A new ally
A difficult alternative
The production costs of green hydrogen are still too high, especially when compared with those of natural gas, which means that it is not currently a real option for decarbonizing industries.
8 minT
he history of mankind is marked by our knack for turning nature’s matter into useful things. Ever since the discovery of fire, humans have burned wood to create light, heat, cook food, and defend against animals. Over time, this chemical processing of fuel became more sophisticated, allowing for the extraction of metals, the baking of clay, and the making of glass. The discovery of fire dates back about 2 million years, while the Bronze Age began around 5,000 years ago.
Since then, human history has undergone significant changes, with technological and social revolutions accelerating to bring us to the present day. We now consume enormous amounts of energy to sustain a world population that has grown from fewer than 100,000 when we discovered fire, to 10 million in the Bronze Age, to 8 billion today. Our civilization is built on material structures shaped using large amounts of energy. Although today’s methods are more sophisticated, the essence remains the same: we are still burning fuels to generate heat and transform matter.
Energy-intensive sectors
Metals, which are found in the minerals covering the Earth’s surface, exemplify the process of turning raw materials into useful products. These minerals, sometimes abundant and sometimes dispersed, are separated from oxygen and rock and then heated with coal until they become molten. Similarly, glass is made from sand, which melts at temperatures above 1,500 degrees Celsius. Cement is produced using limestone and clay, while ceramics are made by baking clay, and paper is created by pulping wood at high temperatures. Initially, we made these materials in rudimentary ways, but techniques and qualities have improved with the use of fossil fuels: coal, oil, and gas.
Iron is a prime example. The transition from simple cast iron—a low-quality iron that could withstand neither high temperatures nor pressure—to steel, which is refined with less oxygen and more carbon, revolutionized material production. Steel’s development allowed the construction of high-pressure-resistant pipes, enabling the drilling of oil reserves trapped at previously unreachable depths. The abundance of fossil energy also revolutionized chemistry and petrochemistry, leading to the production of fertilizers. This, along with the internal combustion engine and gasoline, exponentially increased agricultural yields, providing more food for billions of people.
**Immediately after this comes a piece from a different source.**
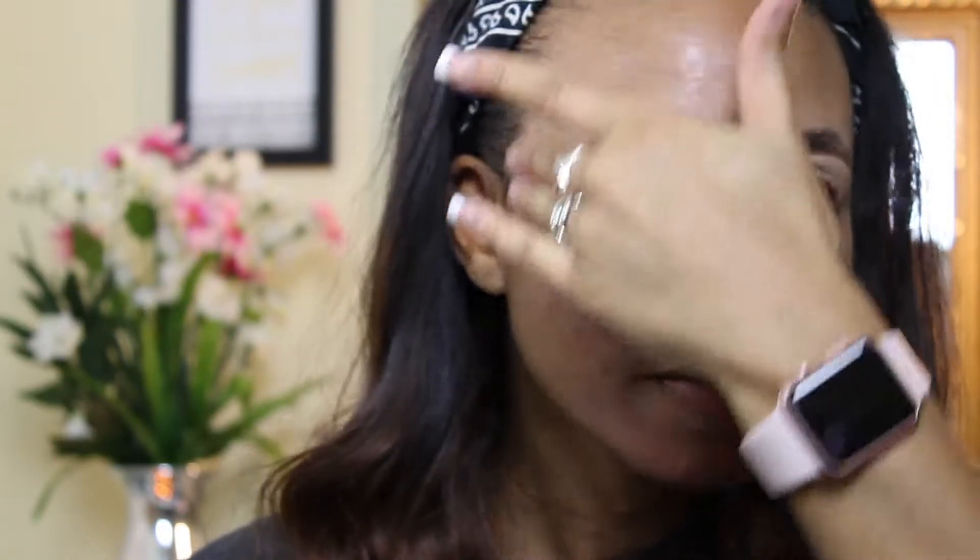Alright guys, so I went ahead and already filled in my eyebrows. What I'm going to do now is use my Becca Ever Matte Poreless Primer. I'm just going to apply this all over my cheeks, in my T-zone area, and just a little on my forehead.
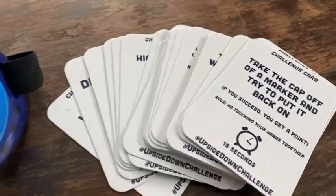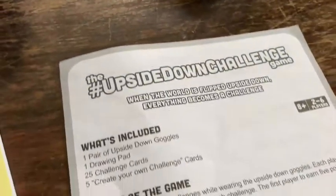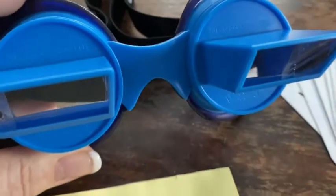It comes with everything you need: the challenge cards, the directions, a notepad, and of course the blue goggles.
Industries such as cement, chemicals, paper, glass, and ceramics consume vast amounts of energy, mostly from fossil fuels, to produce increasingly sophisticated products. Coal is used extensively in steel production to oxidize and extract iron from ore or to burn limestone to make cement. Natural gas is used in the production of ceramics, glass, and paper. These sectors face significant challenges in moving away from fossil fuels to reduce CO2 emissions, which is why they are referred to as “hard-to-abate.”
The suggestion of green hydrogen
Replace gas and coal with what? Hydrogen—the “green king,” of course—produced by electrolysis of water, separating it from oxygen using electricity generated from renewable sources. The idea of green hydrogen is appealing for European policy, which aspires to lead the green transition and achieve total decarbonization of the economy. The goal is to lead by example and foster innovation that can be exported globally, similar to the impacts of the first and second industrial revolutions.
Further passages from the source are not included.